BEGIN RECORDS

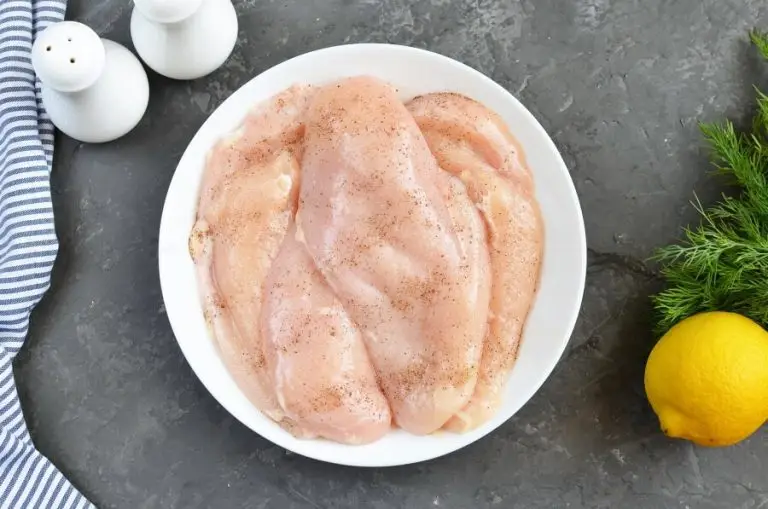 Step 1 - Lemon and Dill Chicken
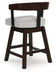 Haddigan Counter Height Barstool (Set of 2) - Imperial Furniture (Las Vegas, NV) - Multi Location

END RECORDS
BEGIN RECORDS

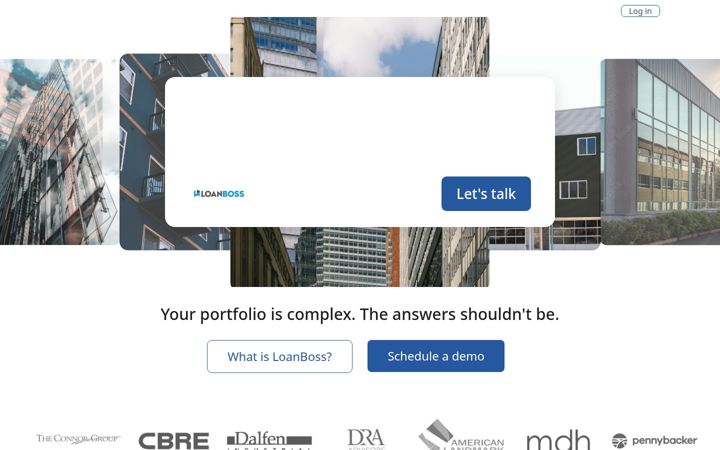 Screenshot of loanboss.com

END RECORDS

(WHAT THE TASK REQUIRES):
Your copy should hold the lines from the one with "Step 1 - Lemon and Dill Chicken" up to and including the one with "Haddigan Counter Height", exactly as in the data above, and no pictures.

(RESULT OF THIS EXERCISE):
 Step 1 - Lemon and Dill Chicken
 Haddigan Counter Height Barstool (Set of 2) - Imperial Furniture (Las Vegas, NV) - Multi Location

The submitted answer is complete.